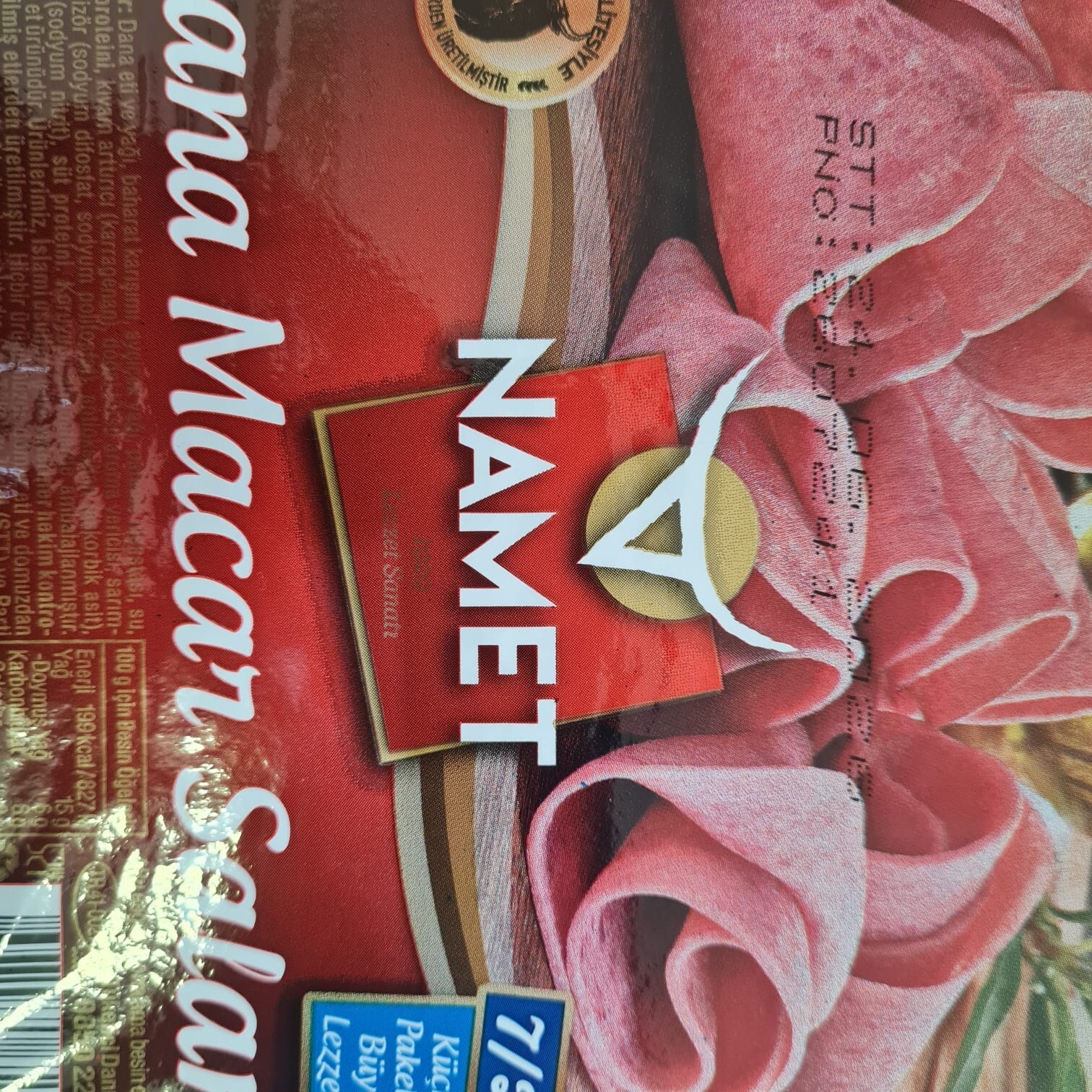 Namet Dana Aç Bitir Salam 50 Gr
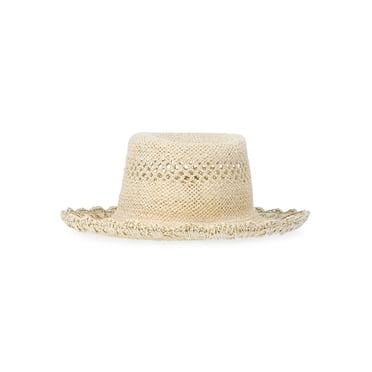 Time and Tru Women’s Handmade Paper Straw Bucket Hat, One Size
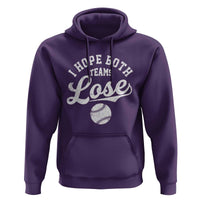 Baseball Meme Hoodie Retro I Just Hope Both Teams Lost Funny Sayings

> **EXERCISE DIRECTIONS**: Every line from the one containing "Time and Tru" through the last line of the listing must be written out again exactly, and no other line. Leave the pictures aside.

> **WORKED SOLUTION**:
 Time and Tru Women’s Handmade Paper Straw Bucket Hat, One Size
 Baseball Meme Hoodie Retro I Just Hope Both Teams Lost Funny Sayings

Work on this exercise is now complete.